Sabda Dewa menggeleng .
“ Apa yang jadi bahan
pikiran Ananda? Dari tadi pamanda sudah bicara panjang lebar,” ucap lelaki itu
sambil tersenyum.
“ Tidak ada pamanda.
Tiba-tiba saja tadi terbersit di benak ananda tentang segitiga ini. Ananda cuma
tidak pernah bisa mengerti makna segitiga ini,” ucap Sabda Dewa sambil menunjuk
landasan segitiga yang kini ada di dekatnya.
“Pamanda pikir ada
hubungannya dengan kehidupan ananda kelak."
Sejenak keduanya larut
dalam pikiran masing-masing, namun rupanya sang Mahapatih segera menyadari
maksud kedatangannya.
“ Kembali ke masalah
tadi. Seperti yang ananda tanyakan, keutuhan kerajaan kita sedang terancam. Dua
kerajaan bawahan kita – dari telik sandi yang pamanda tugaskan- menunjukan
tanda-tanda akan memberontak”
Sabda Dewa sesaat
tersentak.
“ Rasanya ananda sudah
mencoba bersikap adil, yang pamanda maksud kerajaan mana? Nishada dan
Kalingga?”
“ Begitulah.”
“ Pamanda yakin dengan
informasi yang sampai ke telinga pamanda?”
“ Tidak ada keraguan
sedikitpun. Telik sandi yang pamanda kirim adalah orang kepercayaan pamanda.”
Sabda Dewa menggeleng
pelan.
“ Apa saya telah salah
dalam bersikap pamanda? Apakah salah menetapkan pajak lebih tinggi di dua
negeri itu?”
Mereka berdua tiba di
depan istana, perlahan langkah mereka meniti tangga-tangga istana.
“ Tentu saja tidak
ananda, dua kerajaan itu mempunyai tingkat ekonomi yang lebih tinggi dibanding
Maganda dan Sinhala. Jadi pamanda rasa wajar saja pajak lebih tinggi diterapkan
di sana. Masalah utamanya bukanlah pajak yang tinggi atau rendah tapi nafsu
akan kekuasaan. “
“ Pamanda punya jalan
keluar untuk mengatasinya?”
“ Keputusan sepenuhnya tentu
saja ada di tangan ananda. Pamanda tidak berani...”
Satu ruangan besar
berlantai pualam menyambut mereka. Permadani beludru merah terhampar, meja kayu
panjang berada di atasnya. Di ujung permadani lantai tangga berundak ke arah singgasana.
Sabda Dewa mengambil
tempat duduk di ujung permadani yang lebih dekat dengannya. Duduk bersila.

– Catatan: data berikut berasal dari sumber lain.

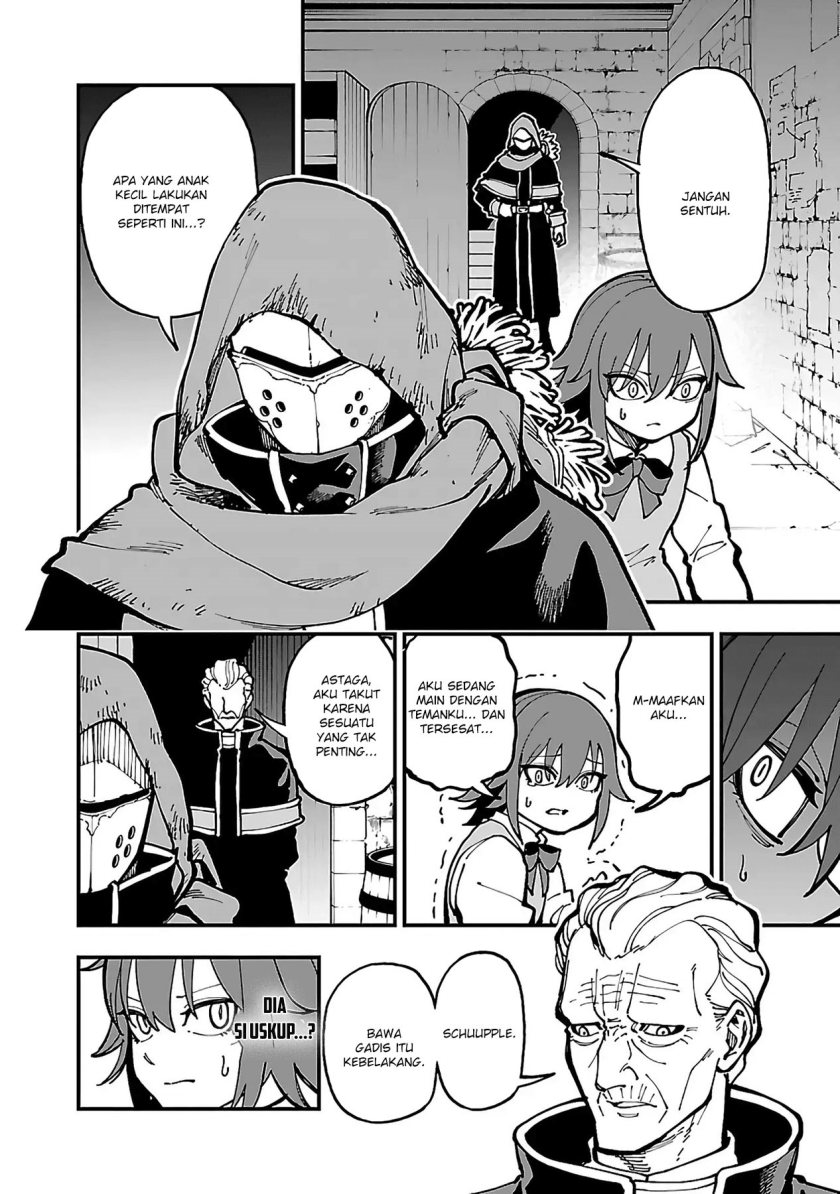 image-komik-katainaka-no-ossan-kensei-ni-naru-tada-no-inaka-no-kenjutsu-shihan-datta-no-ni-taisei-shita-deshi-tachi-ga-ore-wo-hottekurenai-ken-chapter-21-7/24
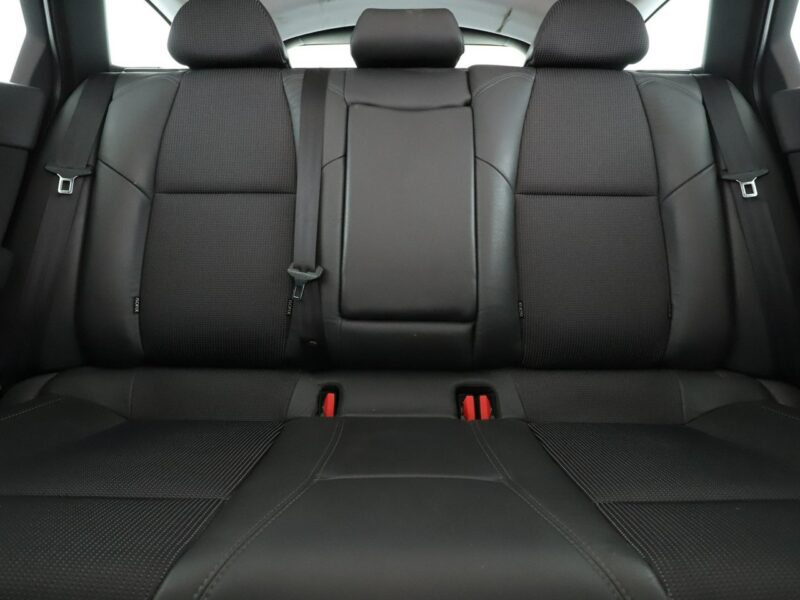 Peugeot 508 Allure automat półskóra panorama 180KM navi kamera tempomat I (2010-2018)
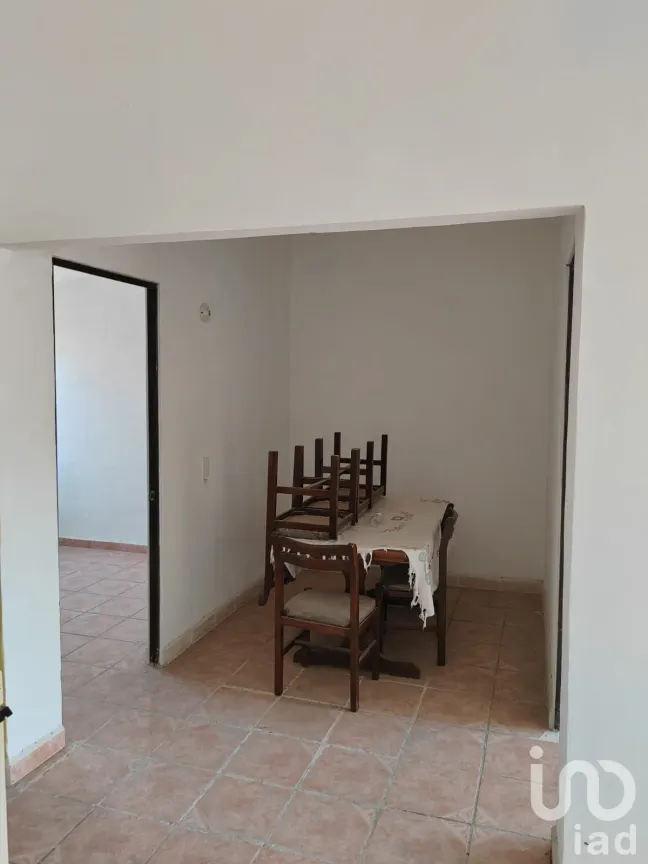 Departamento en Venta en Acolapan, Tepoztlán, Morelos | NEX-164640 | iad México | Foto 5 de 11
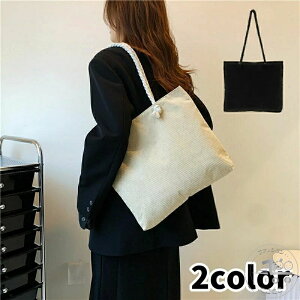 g[gobO V_[obO fB[X n e 傫 |  [v  Jo 킢  Vv JWA o s ʋ ʊw p wlp x[W 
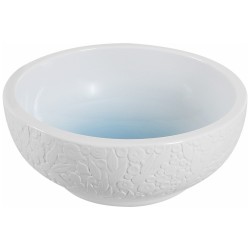 KERRA - Umývadlo na desku KR-140 (5907548118271)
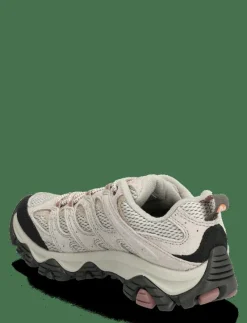 Women's Moab 3 GTX - Aluminum - Vandringsskor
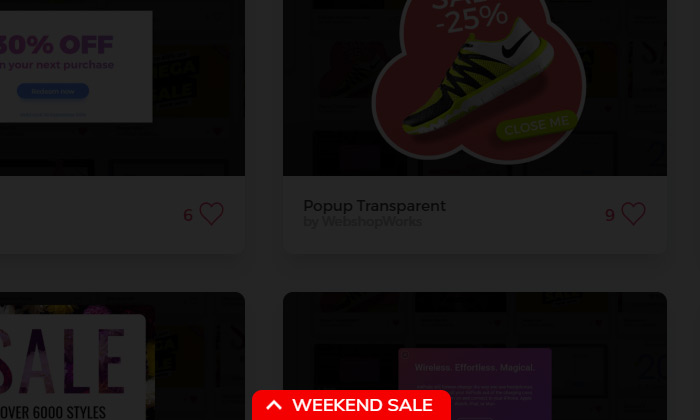 Page thumbnail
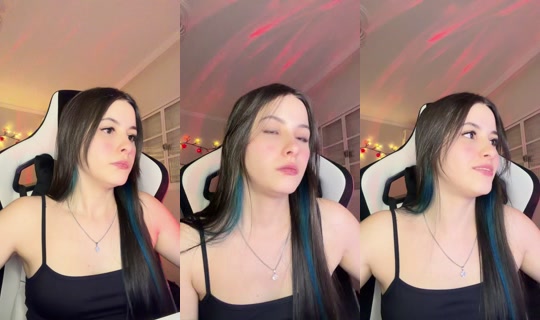 LLPgy's Stream - Jul 24, 2026, 12:21 AM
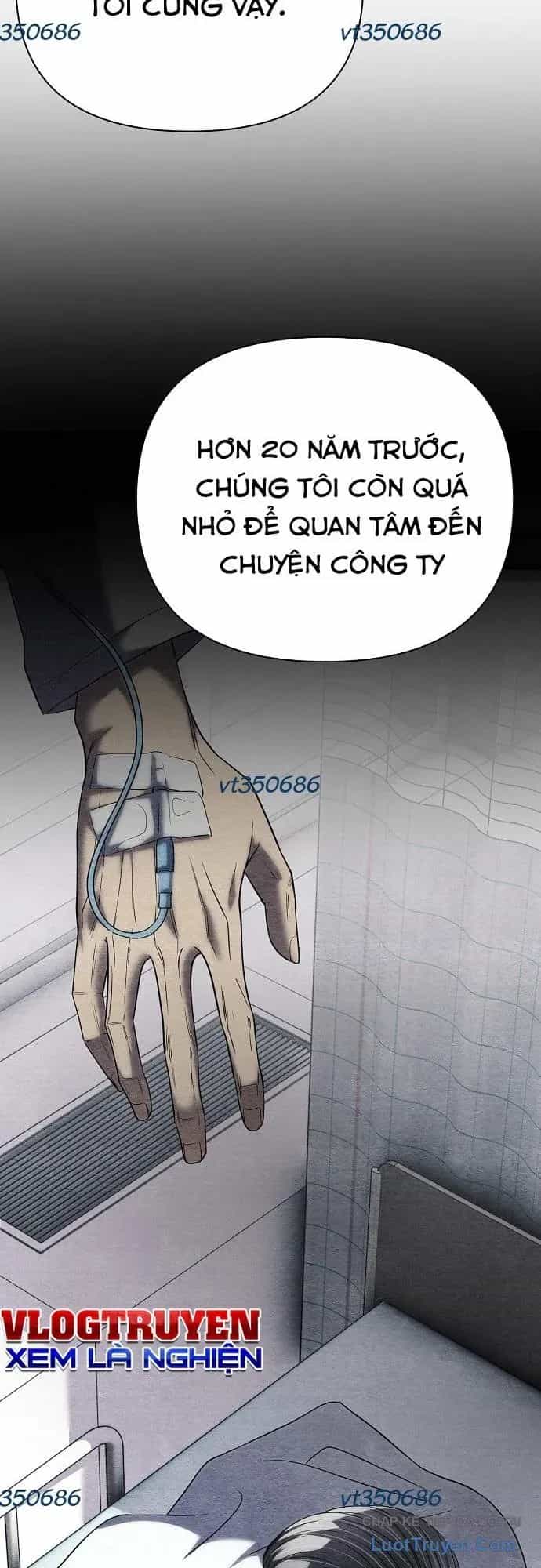 Nhân Viên Thực Tập Kim Cheolsu - Chương 129 - ảnh 34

Lelaki yang menyertainya hanya menggeleng pelan melihat tingkah keponakannya. Bukannya
duduk di singgasana malah justru bersikap seperti abdi.
Anak muda yang kadang
tidak mau terjebak dalam tatakrama. Tindakannya kadang tidak terduga dan lebih
cenderung mengedepankan jiwa mudanya. Namun dibawah pemerintahan keponakannya
inilah Cakra Buana mengalami kemajuan demikian pesat dalam segala hal. Ide-ide
gila yang kadang muncul ternyata berbuah kemakmuran bagi negeri. Seperti
kebijakannya dalam hal pajak.
Sudah ratusan tahun
pajak dengan jumlah yang sama diterapkan di empat kerajaan bawahan; Kalingga, Nishada, Maganda dan Sinhala. Namun
di bawah pemerintahannya jumlah pajak dan upeti yang harus di serahkan ke
Mandala – ibukota kerajaan – menjadi berbeda-beda. Penduduk Kalingga di timur, yang
penduduknya kebanyakan adalah penambang dan Nishada di sebelah utara yang
kebanyakan hidup dengan menjadi pedagang, pembuat perkakas pertanian dan
senjata jelas mempunyai penghasilan yang jauh melebihi saudara-saudaranya ditetapkan
pajak yang lebih tinggi. Maganda di sebelah selatan yang penduduknya kebanyakan
pemburu dan petani dan Sinhala di sisi
barat yang penduduknya kebanyakan hidup sebagai nelayan – yang jelas kalah jauh
dari segi ekonomi- mempunyai pajak yang lebih rendah.
Lelaki itu mengambil
tempat duduk tidak jauh dari Sabda Dewa.
“ Pamanda, ananda utus untuk menemui kedua raja di
kerajan-kerajaan itu. Peringatkan mereka
untuk tidak bertindak bodoh. Sampaikan pada mereka, Mandala tidak akan
segan – segan untuk bersikap keras jika diperlukan. Apabila jalan diplomasi tidak
berhasil, ananda beri kekuasaan penuh pada pamanda untuk menumpas para
pemberontak itu.” ucap Sabda Dewa dingin. Kemarahan sesaat hampir mengusainya.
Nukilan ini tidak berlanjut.